The 5-4 ruling saw Chief Justice John Roberts and conservative Amy Coney Barrett side with their liberal peers in concluding that nothing in federal law requires all ballots to be collected by Election Day.

“The Framers recognized the difficulty of crafting election laws ‘applicable to every probable change in the situation of the country,’” Barrett wrote in the majority opinion. “So instead of constitutionalizing election law, they decided that ‘a discretionary power over election’ needed to be lodged ‘somewhere.’”

“Suffice it to say, that power was not lodged in this Court. The election-day statutes say nothing about ballot receipt, and we cannot add to the words Congress chose.”

The case, Watson v. RNC, stemmed from a 2024 lawsuit by the Republican National Committee and several local parties against the Magnolia State over its five-day grace period.

At least 13 other states have similar post-Election Day counting laws on their books, while nearly 30 states give certain types of mail-in voters some extra time to turn in their ballots. California is perhaps the most infamous of those states, with many key races unsettled for more than a week after polls close.

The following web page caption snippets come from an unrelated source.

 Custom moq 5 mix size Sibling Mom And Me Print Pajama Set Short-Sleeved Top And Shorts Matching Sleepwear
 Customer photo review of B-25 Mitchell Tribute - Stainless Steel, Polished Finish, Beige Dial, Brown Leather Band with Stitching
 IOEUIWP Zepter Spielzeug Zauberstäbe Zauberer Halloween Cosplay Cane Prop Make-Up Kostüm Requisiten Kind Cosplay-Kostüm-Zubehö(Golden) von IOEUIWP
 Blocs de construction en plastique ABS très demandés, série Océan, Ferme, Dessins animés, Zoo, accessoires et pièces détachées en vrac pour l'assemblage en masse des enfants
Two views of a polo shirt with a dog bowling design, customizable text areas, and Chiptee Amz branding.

“The electorate’s choice is made when voting is complete, not when ballots are received,” Barrett wrote. “The most recent amendment to the Presidential election-day statute bears this out. In 2022, Congress inserted the phrase ‘election day’ into that statute and marked that day as a specific Tuesday. It then created an exception: When States ‘modif[y] the period of voting.’”

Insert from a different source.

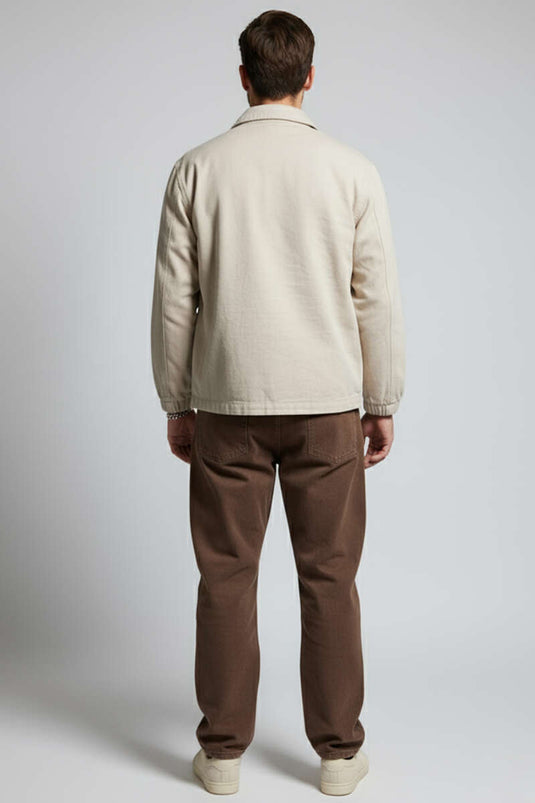 Veste homme avec grandes poches et fermeture éclair, couleur pierre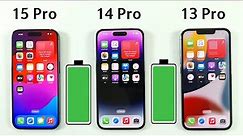 iPhone 15 Pro vs 14 Pro vs 13 Pro Battery Test | iOS 17 BATTERY TEST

“That Congress defined ‘election day’ with reference to ‘voting’ indicates that ‘voting’ is the act governed by the statute.”

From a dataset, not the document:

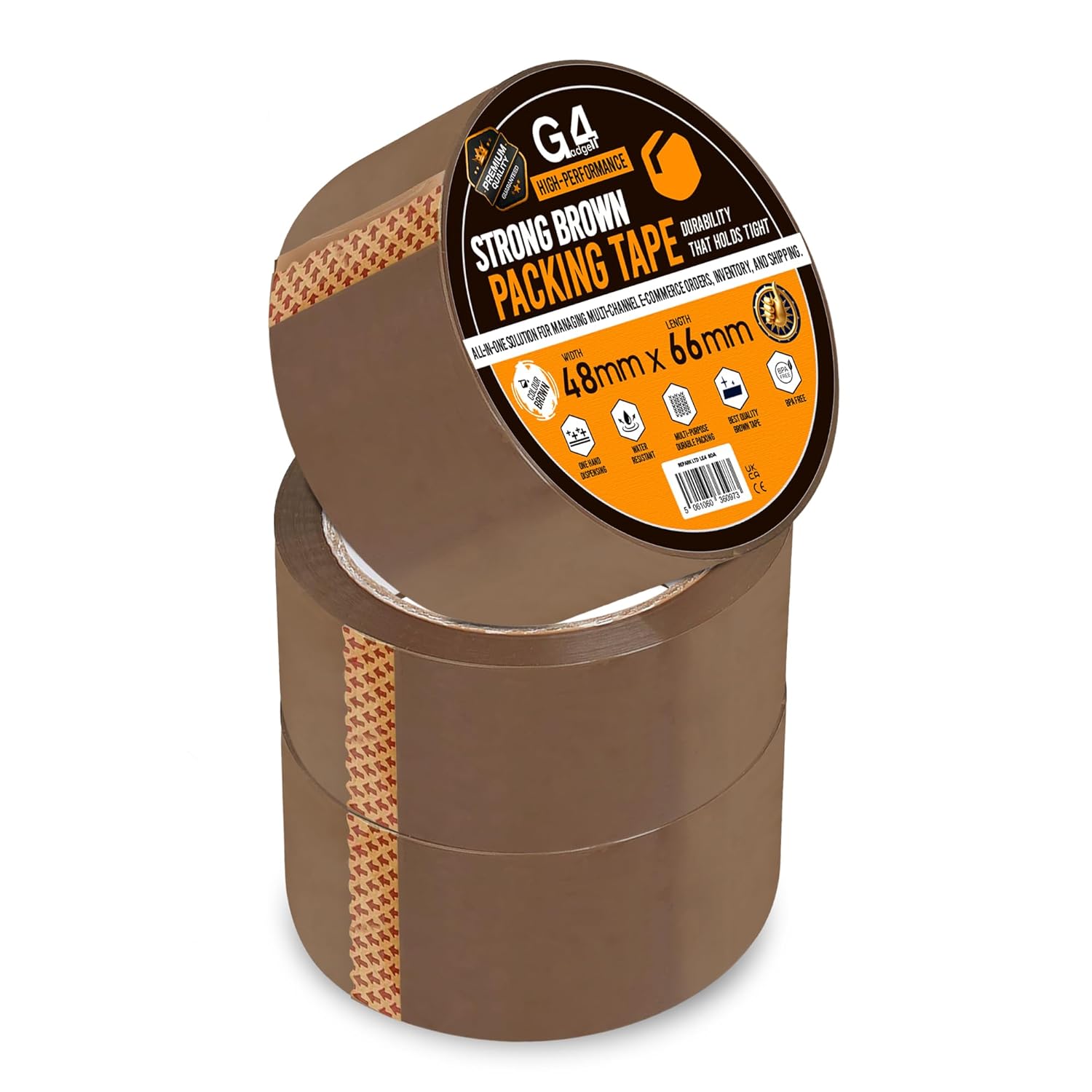 G4GADGET Pack of 3 Strong Brown Packing Tape – 48mm x 66m – Heavy Duty Parcel Tape for Moving Boxes, Shipping and Packaging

President Trump has long been a fierce critic of states that allow the late counting of ballots and the Justice Department backed the RNC suit.

During oral arguments in March, the justices appeared deeply divided and grappled with concerns about whether nixing Mississippi’s policy could threaten the practice of early voting altogether.

“It just seems inconceivable that on the basis of this kind of evidence, we would reject these practices that are so entrenched in 30 states,” liberal Justice Elena Kagan said at one point.

Kagan’s fellow liberal, Ketanji Brown Jackson, had attempted to nudge her colleagues away from siding against Mississippi, telling attorneys for the RNC: “The worry is that you want this court to decide the case rather than have Congress do it.”

Four conservative justices — Neil Gorsuch, Samuel Alito, Clarence Thomas, and Brett Kavanaugh — dissented, with Alito underscoring in his written opinion that federal law sets Election Day as “the Tuesday next after the first Monday in November.”

“If ballots received after election day are added to the set of ballots that dictate the election’s outcome, the electorate’s choice does not occur on election day, and the federal election-day statutes are violated,” he wrote. 

Alito also criticized the majority opinion for concluding that federal law merely requires an “individual cast a vote on or before election day.”

“But if that is all that the election-day statutes require, there is no sense in which the electorate as a whole can be seen as making its choice on election day,” he contended.

Monday’s decision comes as Trump has pressed Congress to tighten restrictions on mail-in ballots and enact a proof of citizenship requirement to vote in federal elections.

Trump has specifically called for the passage of the Safeguard American Voter Eligibility (SAVE) America Act, which has been stuck in the Senate.

“If we want fair and secure elections, Election Day should mean exactly what it says, which is why this decision makes it even more imperative that Congress pass the SAVE America Act,” RNC Chairman Joe Gruters said in a statement.

“Democrats are inviting chaos at the ballot box by allowing elections to drag on for days and weeks after voters cast their ballots. Republicans are not going to be deterred by this decision, and the RNC will keep fighting to have elections end on Election Day as Americans want.”